Luc Trullemans et son avocat Mischaël Modrikamen sont revenus sur "l'affaire Trullemans" à l'occasion d'un point presse.

M.L.
Trullemans: "Si je me retrouve sans boulot, je m'inscris sur une liste électorale"
©Photonews

Luc Trullemans et son avocat Mischaël Modrikamen sont revenus sur "l'affaire Trullemans" à l'occasion d'un point presse. Outre le fait qu'il conteste avec force les accusations et les actes d'RTL-TVi, de la direction de l'Institut Royal de Météorologie et du Mrax et qu'ils entendent contre-attaquer sur chaque point, l'ex-Monsieur Météo de la chaîne de télévision privée n'a pas écarté son éventuel ralliement à un parti politique à l'horizon 2014. 

Même s'il est trop tôt pour aborder le sujet, Luc Trullemans a déclaré qu'il soutiendrait assurément un parti politique lors de la campagne pour les élections législatives du 24 mai prochain. "Oui, je vais soutenir une liste l'année prochaine. Mais je ne serai pas sur cette liste. Je n'aurai pas le temps de m'y investir pleinement. Par contre, si je me retrouve sans boulot à la rentrée, je m'inscris sur une liste. Je ne suis pas fou." 

Au Parti Populaire ? Mischaël Modrikamen et Luc Trullemans affirment tous deux qu'il est trop tôt pour ouvrir ce dossier, tout en reconnaissant dans la foulée que leurs opinions sont proches. Une seule chose est certaine, Luc Trullemans ne votera plus PS… Parce que… "Oui, j'ai voté Elio Di Rupo aux dernières élections."


"Avec Delusinne, on était potes"

Les relations entre RTL-TVi et Luc Trullemans semblent définitivement rompues. A l'époque, pourtant, le météorologue était très proche du boss de la chaîne privée. "Quand j'étais sur Bruxelles, soit environ dix jours par mois, Philippe Delusinne passait tous les matins dans mon bureau. Il m'appelait Lukske. On est flamand tous les deux. Il me tapait sur l'épaule, on papotait et je lui faisais son petit billet météo. On était potes." 
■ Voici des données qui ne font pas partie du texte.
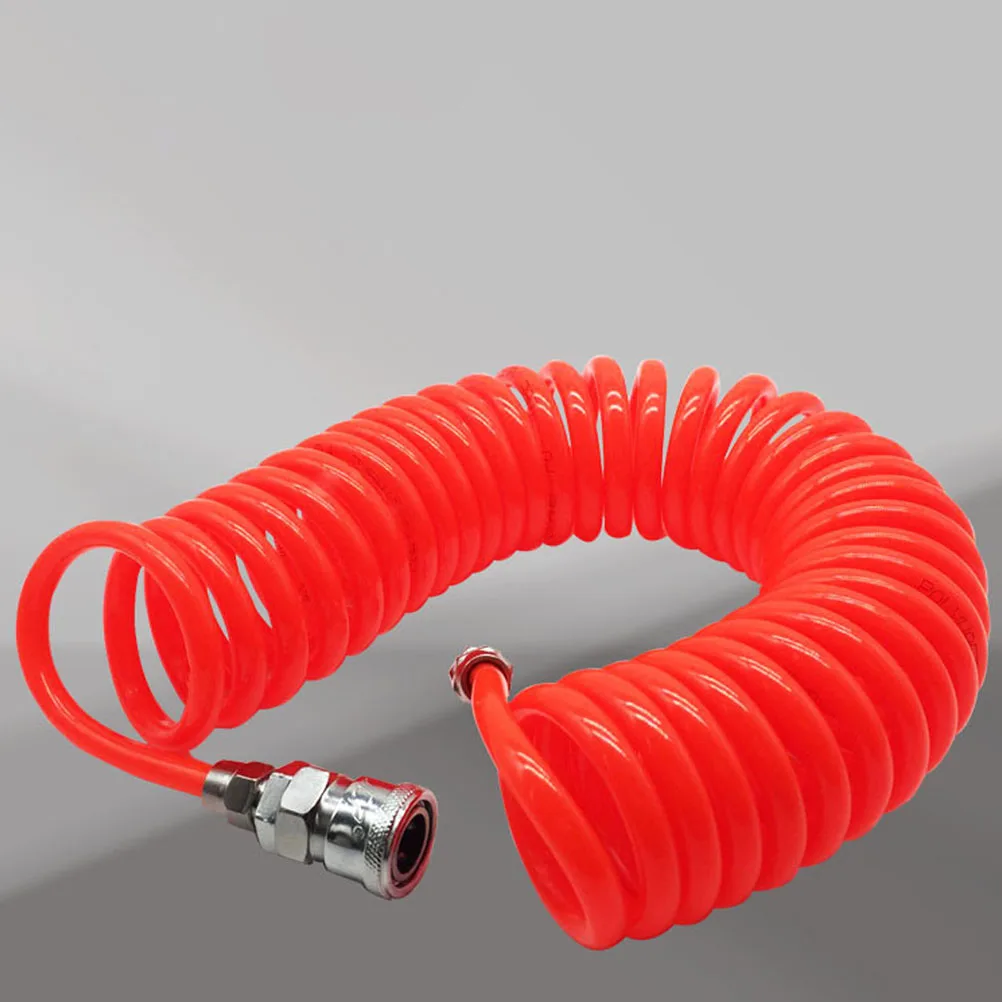 

3M Pu Spring Flexible Hose Coiled Air Pipe For Air Compressor Pump Red 8X5Mm High Flexibility Kink Resistant Durable Easy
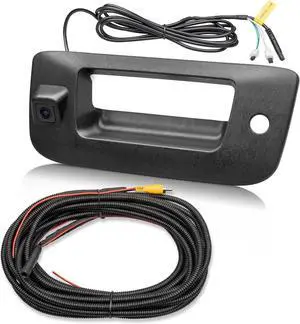 RED WOLF Tailgate Handle Reverse Backup Camera Fit for 2007-2014 Chevrolet Silverado GMC Sierra 1500 2500 HD IP68 Waterproof 150° View Angle Rear View Camera with Key Hole Replaces OE Number 22755305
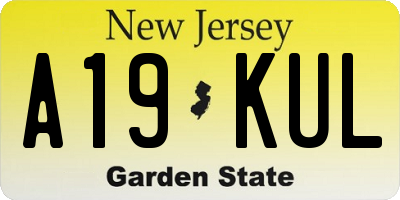 NJ license plate A19KUL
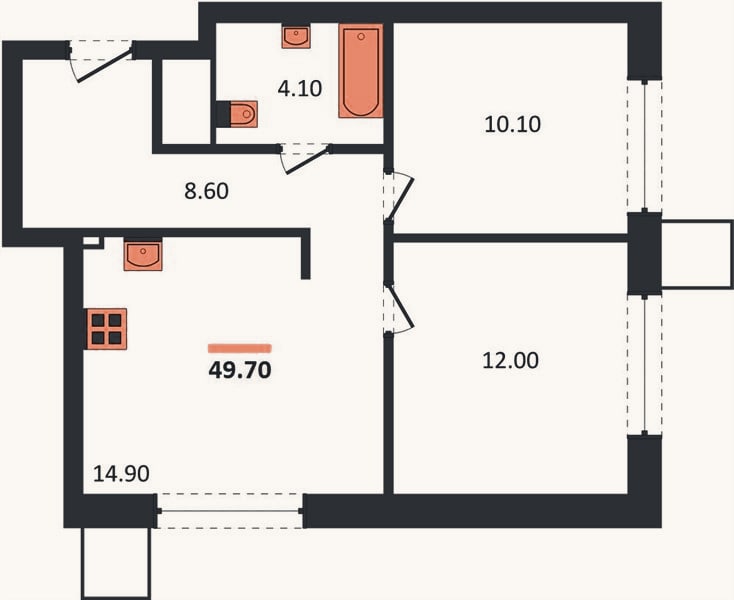 Планировка: 2-к, 49,7 м²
Les rapports se sont ensuite rapidement tendus. "Le jour où j'ai relayé le fameux post sur Facebook - puis retiré -, Philippe Delusinne m'a téléphoné. Il avait été averti par Rosenblatt. Il m'a demandé de retirer la publication. Je lui ai répondu que je l'avais déjà fait. Alors il m'a dit : 'OK, pas de souci alors… On va te mettre à l'écart pendant un mois'. Et c'est tout. Même Philippe Courard (secrétaire d'Etat en charge de la recherche scientifique, donc de l'IRM) m'a dit que le dossier était réglé. Puis j'ai vu le nombre incroyable de réactions en ma faveur sur Twitter et Facebook. J'ai lu les insultes des internautes à l'encontre de RTL. Là, c'est directement Stéphane Ronseblatt (directeur des programmes et de l'information d'RTL-TVi) qui m'a téléphoné. Il m'a dit : 'Je suis obligé de te licencier pour faute grave. On a perdu le contrôle. Philippe Delusinne ne veut plus te voir…' Puis est arrivée la fameuse histoire du faux SMS, via lequel Philippe Delusinne m'a accusé de mensonge, puis s'est rétracté. Selon moi, c'est Philippe Delusinne qui a provoqué la crise. Il s'est enterré."